CHARLOTTE – With the purchase of the Southborough building on South Boulevard, Charlotte-based Beacon Partners, a commercial real estate firm, has increased its presence in the Midtown office submarket to more than 200,000 square feet.
The 27,135-square-foot Southborough building may be a drop in the Beacon bucket of Midtown office space, but the company has made it clear that it’s looking to add to its portfolio in that submarket.
Beacon may be on to something, as Midtown continues to be one of the strongest-performing office submarkets in the city, and with heavy residential growth and an array of amenities, it appears primed to continue that growth.
Ross Howard, an office research analyst in the Charlotte office of Jones Lang LaSalle, said he thinks Midtown’s location will make it difficult for the submarket to sputter.
“Midtown is a natural extension of the Central Business District and having access to the largest office area in the Carolinas is a huge attraction,” he said. “There are several corridors in the Midtown submarket, but in South End the light rail has really brought life back to the office market.
“You’re seeing a lot of multifamily (development) popping up and that’s just going to make the market stronger.”

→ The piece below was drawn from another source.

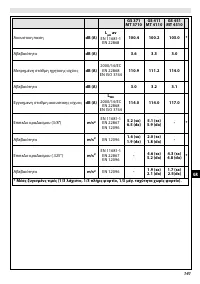 Страница 141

South End has been ground zero for Charlotte’s recent apartment boom, with what seems like a hulking new complex on every block in that neighborhood. Thousands of units are currently under construction in South End and are set to open within the next couple of years. On the other side of the Midtown submarket, at the intersection of Morehead Street and Kenilworth Avenue, two apartment projects have been announced, though neither has broken ground.

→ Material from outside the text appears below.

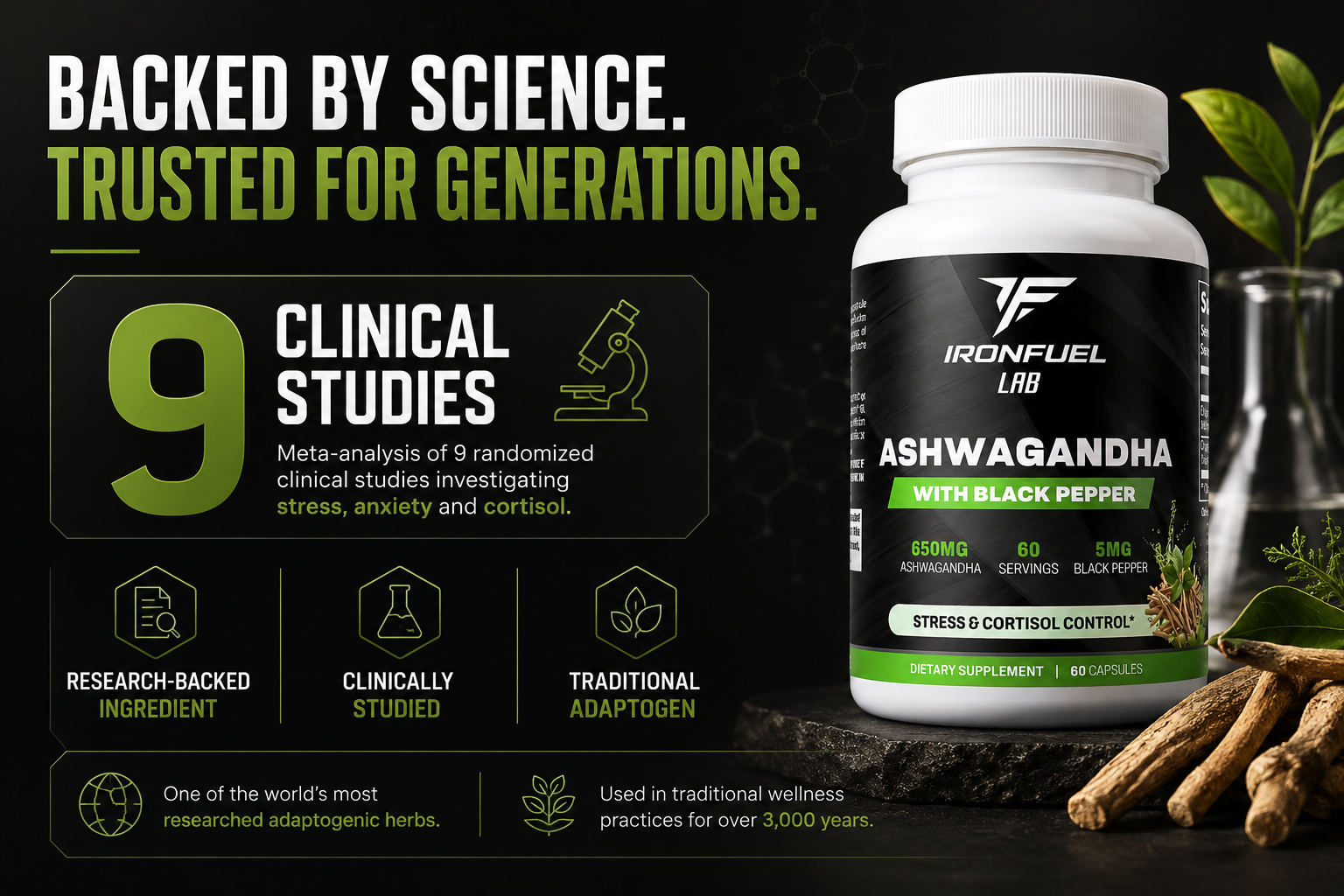 Backed by science visual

The apartment development bodes well for the future of the submarket, but Midtown appears to be hanging in there just fine at present.
Of the 11 office submarkets in the Charlotte area, only the Cotswold submarket has a lower vacancy rate than Midtown, according to the second-quarter office report from Charlotte-based Karnes Co. Office space in Cotswold is 6.3 percent vacant and Midtown is 9.2 percent vacant, even though Midtown has more than 2 million square feet more space, the report shows.
Midtown also boasts the fourth-highest average asking rent in the city with rents at $22.47 per square foot, trailing only the Downtown, SouthPark and N.C. 51/Southeast submarkets, the Karnes reports says.
Howard said that despite Midtown consistently being one of the healthier office submarkets in the city, it appears to be tightening. The Karnes numbers support that claim.
The 9.2 percent vacancy rate is the second quarter is down 1.5 percentage points from 10.7 percent vacant in 2012 and down from a recent high of 13.2 percent vacant in 2011. The last time Midtown’s vacancy rate was below the current level was in 2009, when the submarket had an 8.1 percent vacancy rate.
As vacancies are falling, rents are rising in Midtown. The second-quarter average rent of $22.47 per square foot is up from rents of $22.24 in 2012, $21.74 in 2011, $21.57 in 2010 and $21.67 in 2009.
Howard said the low vacancy coupled with rising rents, in addition to the residential rooftops coming to the submarket, could be the proper environment for additional office development. He’s just not sure when that could happen.
“There are a couple of parcels in the Midtown submarket that are viable” for new office development, he said.
“But there are two sides of the story. Looking at it from a supply-and-demand perspective, it seems like it would be viable. But I’m not sure if rents are yet to the point that it would make sense.”
New development on the horizon or not, Beacon has been playing to ensure it gets a piece of the Midtown spoils. The Southborough purchase is just the most recent move.
Beacon has four other Midtown buildings in its portfolio, totaling 185,728 square feet, according to the company website. The largest of those four is the 107,824-square-foot Morehead Place, at 521 E. Morehead St.
Don’t be surprised if that portfolio grows in the future. Robin Bookmiller, Beacon’s marketing director, said the company is eyeing other Midtown properties.